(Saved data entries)
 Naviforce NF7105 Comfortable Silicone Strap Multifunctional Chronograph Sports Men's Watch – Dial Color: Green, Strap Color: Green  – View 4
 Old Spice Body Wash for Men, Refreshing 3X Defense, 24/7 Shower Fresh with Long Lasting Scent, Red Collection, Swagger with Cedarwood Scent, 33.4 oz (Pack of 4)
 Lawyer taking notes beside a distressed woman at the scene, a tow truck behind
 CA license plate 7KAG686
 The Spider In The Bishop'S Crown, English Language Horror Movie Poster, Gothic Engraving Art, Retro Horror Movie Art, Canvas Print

==

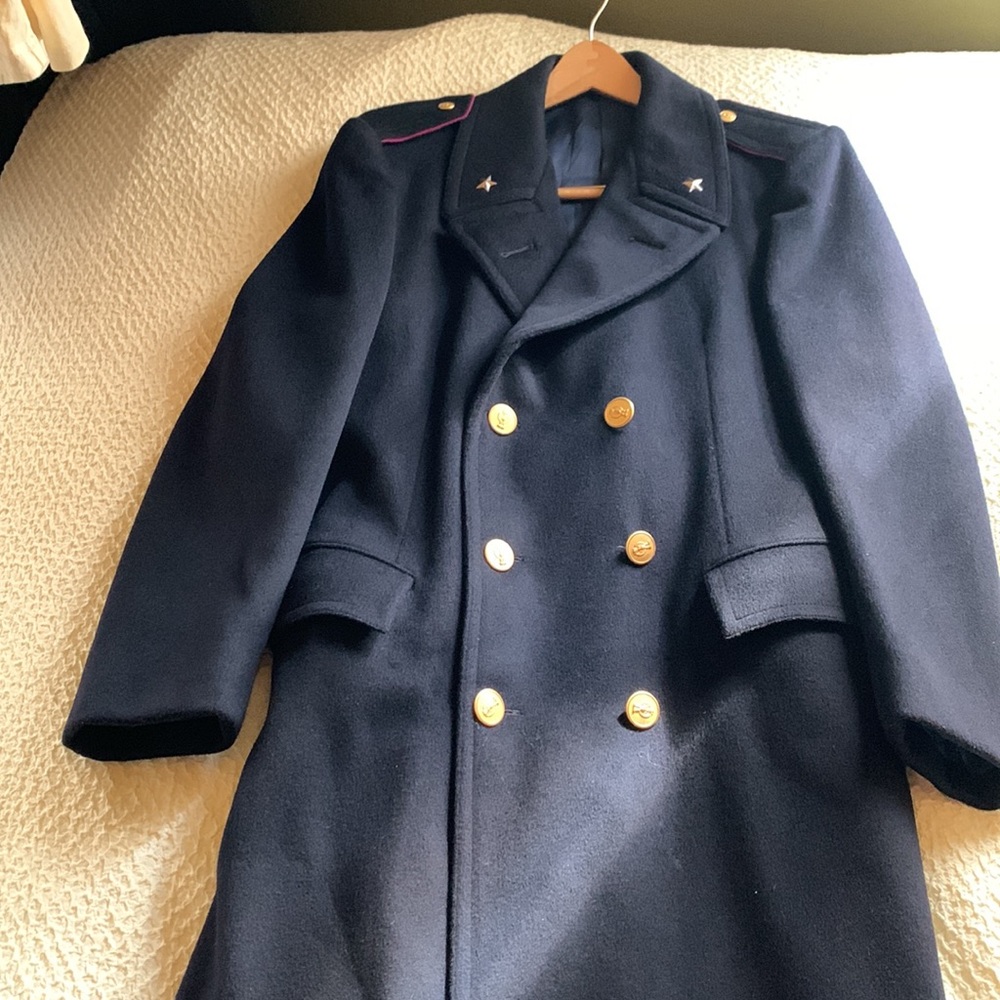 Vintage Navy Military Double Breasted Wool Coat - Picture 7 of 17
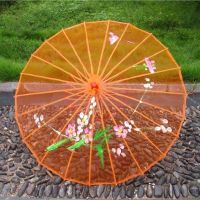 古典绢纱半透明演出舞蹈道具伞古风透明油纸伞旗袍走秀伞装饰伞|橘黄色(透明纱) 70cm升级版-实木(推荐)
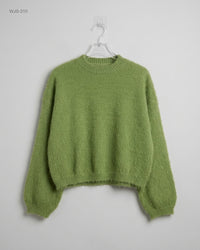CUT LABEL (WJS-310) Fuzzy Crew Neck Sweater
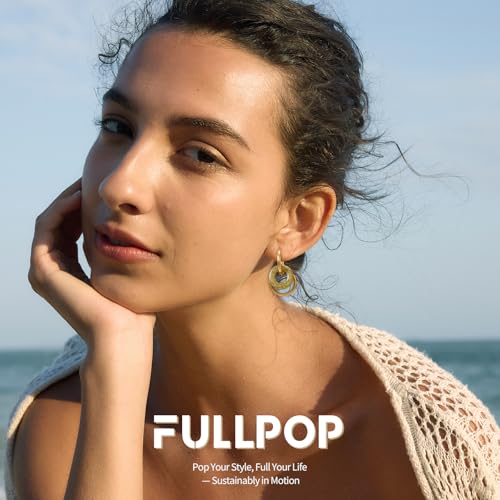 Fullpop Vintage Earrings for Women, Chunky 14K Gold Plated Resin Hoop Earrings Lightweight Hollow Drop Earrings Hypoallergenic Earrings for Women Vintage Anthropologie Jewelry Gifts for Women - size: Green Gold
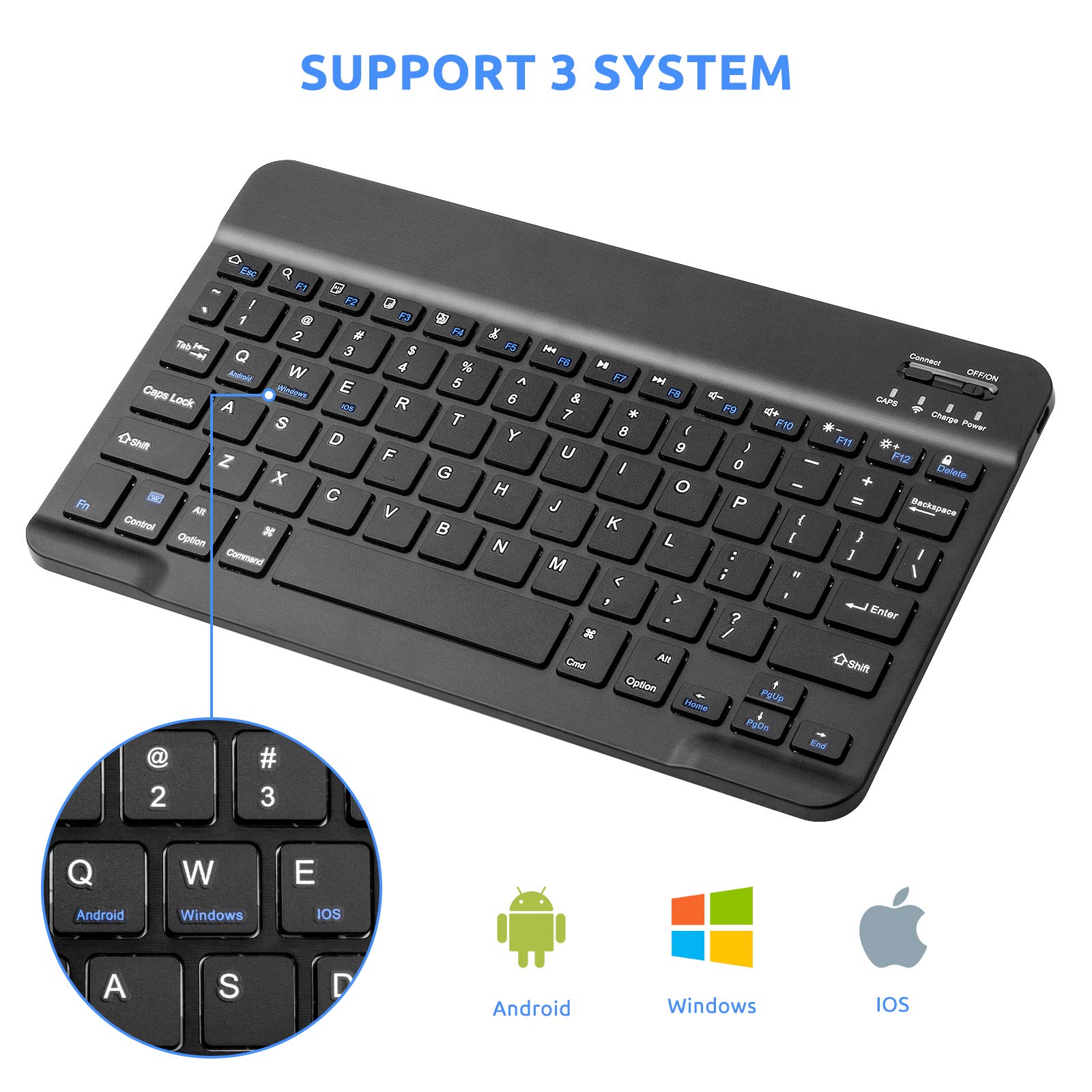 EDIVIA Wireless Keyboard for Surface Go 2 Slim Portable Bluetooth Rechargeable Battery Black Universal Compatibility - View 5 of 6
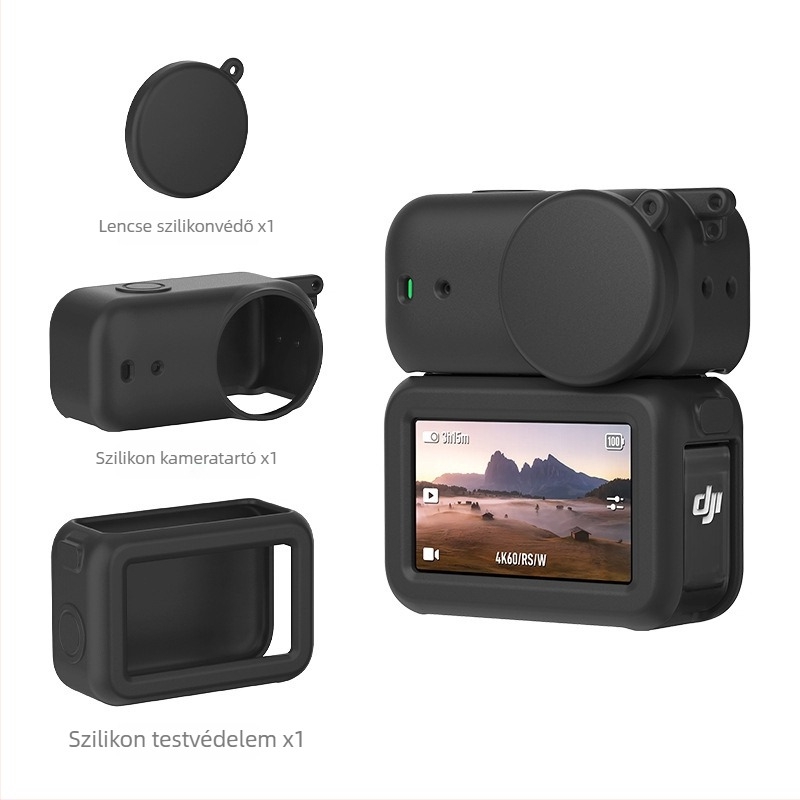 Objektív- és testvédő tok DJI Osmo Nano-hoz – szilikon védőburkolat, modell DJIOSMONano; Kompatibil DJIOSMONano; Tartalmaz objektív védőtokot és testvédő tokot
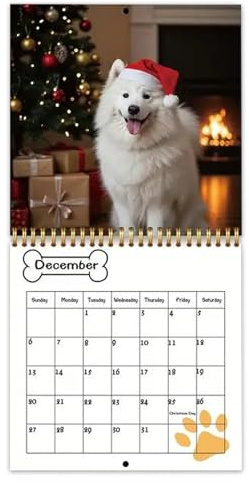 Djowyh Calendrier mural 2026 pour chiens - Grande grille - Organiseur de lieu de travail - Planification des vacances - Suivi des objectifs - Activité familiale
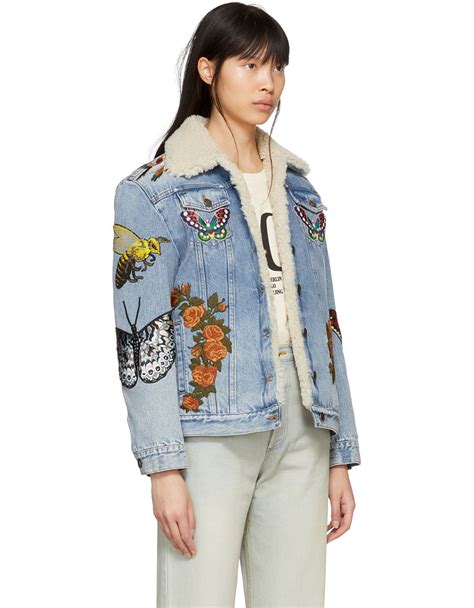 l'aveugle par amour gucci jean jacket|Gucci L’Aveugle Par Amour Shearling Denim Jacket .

Work to complete: For this exercise, transcribe exactly the part of the records above that opens with the line containing "Objektív- és testvédő" and closes with the one containing "l'aveugle par amour". Pictures are not part of the copy.

Task response:
 Objektív- és testvédő tok DJI Osmo Nano-hoz – szilikon védőburkolat, modell DJIOSMONano; Kompatibil DJIOSMONano; Tartalmaz objektív védőtokot és testvédő tokot
 Djowyh Calendrier mural 2026 pour chiens - Grande grille - Organiseur de lieu de travail - Planification des vacances - Suivi des objectifs - Activité familiale
 l'aveugle par amour gucci jean jacket|Gucci L’Aveugle Par Amour Shearling Denim Jacket .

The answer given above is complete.